In the Heart of London
Even as an English major, I can say that I have never learned more about Shakespeare than at the London Dramatic Academy.
If an outline of my college career was written on a sheet of paper before my semester in London, you would read that I hail from the suburbs of Chicago, that I am a junior, that I am in a sorority, that I am an English major at Cornell. Maybe in a footnote you would learn that my time is split between theatre, Olin Library and its caffeine supply, and the friends who have become a patchwork family.
I had figured the next page of my life, studying abroad, would follow a similar suit. It was a shock, and a relief, to be so absolutely wrong.
Initially, I was going to study English at University College of London. It certainly would have fulfilled my graduation requirements, and I would have had plenty of time in my schedule to prance around Europe on weekends. In a last-minute decision, I auditioned for the little-known London Dramatic Academy, an acting conservatory program through Fordham University. To my surprise, I was accepted.
I was among 21 students from across the states—in class Monday through Friday, varying from eight- to nine-hour school days—who studied all aspects of theatre in the heart of Shakespeare’s stomping grounds.
My classrooms lacked desks. I traded my graphing calculator for dance shoes, scripts, and corsets. Many of my professors had been or were in shows on the West End, which is like the Broadway of London.

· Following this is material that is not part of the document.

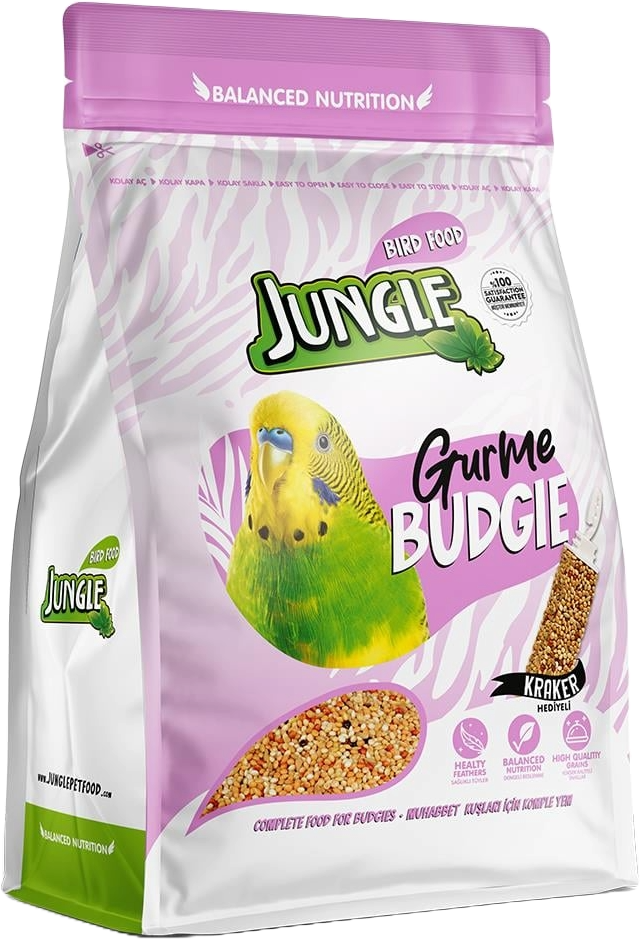 JUNGLE GURME MUHABBET 400GR KRAKER HDYLİ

Classes I had never dreamed of taking—private audition sessions with an opera director, Alexander technique, dialect, period dance, and stage combat—suddenly consumed my schedule. In addition to the heavy course load, our two main classes, Acting and Shakespeare, we put on showcases at the end of the semester.
For Acting, a scene study class, we performed the last two acts of Summerfolk by the late nineteenth-century Russian playwright Maxim Gorky. For Shakespeare, my class was divided into segments from Much Ado About Nothing and All’s Well That Ends Well, in which we delved into hefty monologues and were cast in scenes.

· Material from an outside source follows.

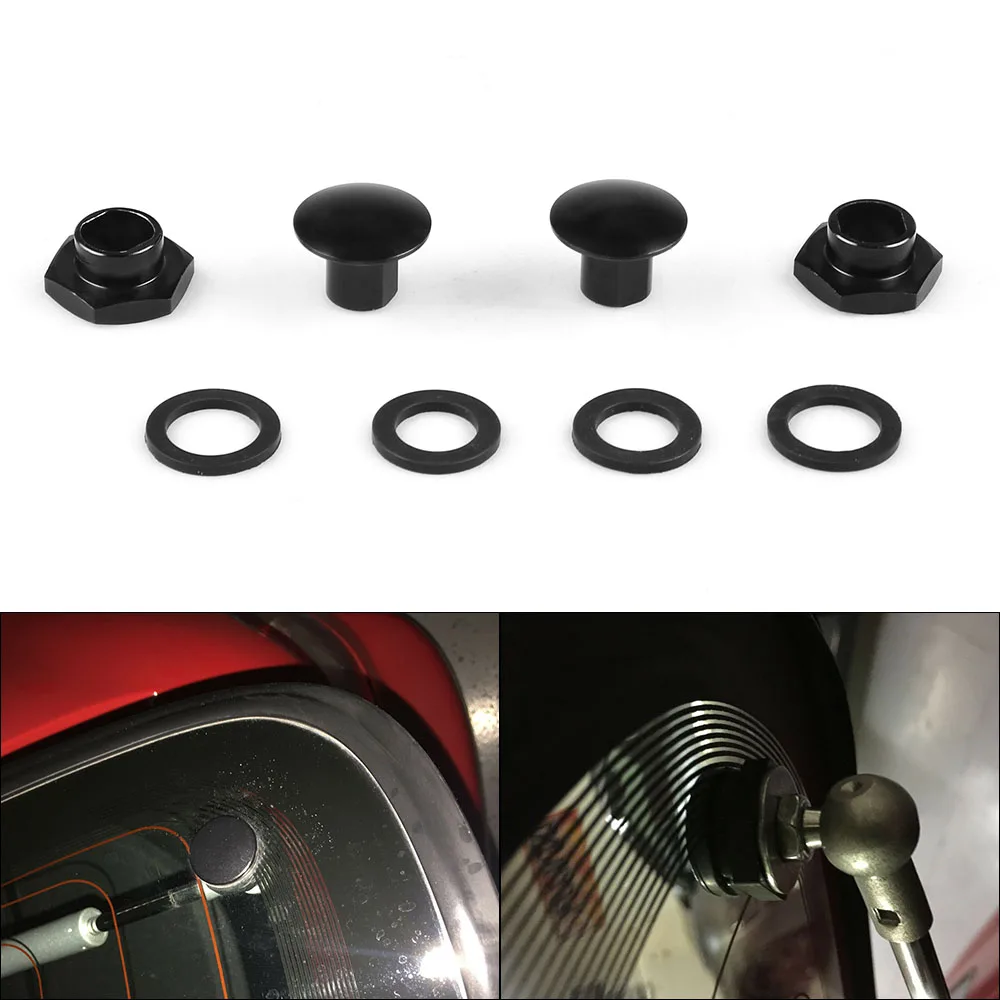 Aluminum Rear Glass Strut Hardware Complete Kit for Honda Civic 92-95 3Dr Hatchback EG6 CRV BX101754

Even as an English major, I can say that I have never learned more about Shakespeare than at the London Dramatic Academy. There is no way one can say a line from his work without truly knowing the context and purpose behind each word. We poured over speeches for hours, dissecting layers of subtle context. I never realized how brilliant his language was until I had to become one of his characters in the program.
In addition to classes, each week we saw a professional show, whether it was a traditional ballet like Giselle on the West End, experimental modernist theatre on the fringes of London, or a six-hour performance (in Dutch) of all three of Shakespeare’s Roman tragedies.

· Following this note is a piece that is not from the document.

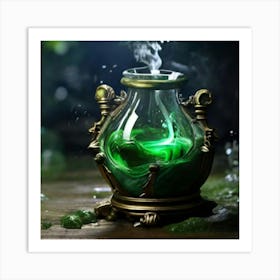 Elixir Of Life Art Print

Going to shows each week gave me an understanding of the culture in London, as we traveled all over the city to see each show and as each performance drew a different audience.
Master classes were also held periodically throughout the semester, where professionals such as agents, writers, and working actors talked to us about their experiences in show business.
I like to think of my time studying abroad as my own version of lab research. In the same way my friends in the sciences work with professors, I was able to glean hands-on experience by working on the craft with professional actors. Also, I was able to enrich my knowledge of the theatre business through hearing about their career paths.
I am not saying that students in the humanities need to study abroad in order to conduct research—an English major could work with a Cornell professor who is writing a book, for example. I am suggesting that it is an academically fulfilling alternative.
One of the most important aspects of my study abroad experience was the bond that I made with my fellow students. I figured that spending every day with the same people would become boring—or worse, tense—given the emotional environment that is theatre life.
I experienced the opposite. Whether we were in the rehearsal room at our shared courtyard in West Kensington or flying across Europe for a spontaneous weekend trip, I could not have asked for a better group of actors and friends to learn from and look up to.
Studying abroad, oddly enough, also made me appreciate the life I had built at Cornell. While I didn’t miss the bleary-eyed delirium of prelim season, I felt nostalgic about things such as CTB with friends after class, sunsets at Libe Slope, and walking around the gorges.
Being in London helped me realize that Cornellians share a unique understanding with each other. I would never have come to this realization about my connection to Cornell, before graduation, if I had not studied abroad. I am grateful that I will be able to spend my senior year with this newfound appreciation.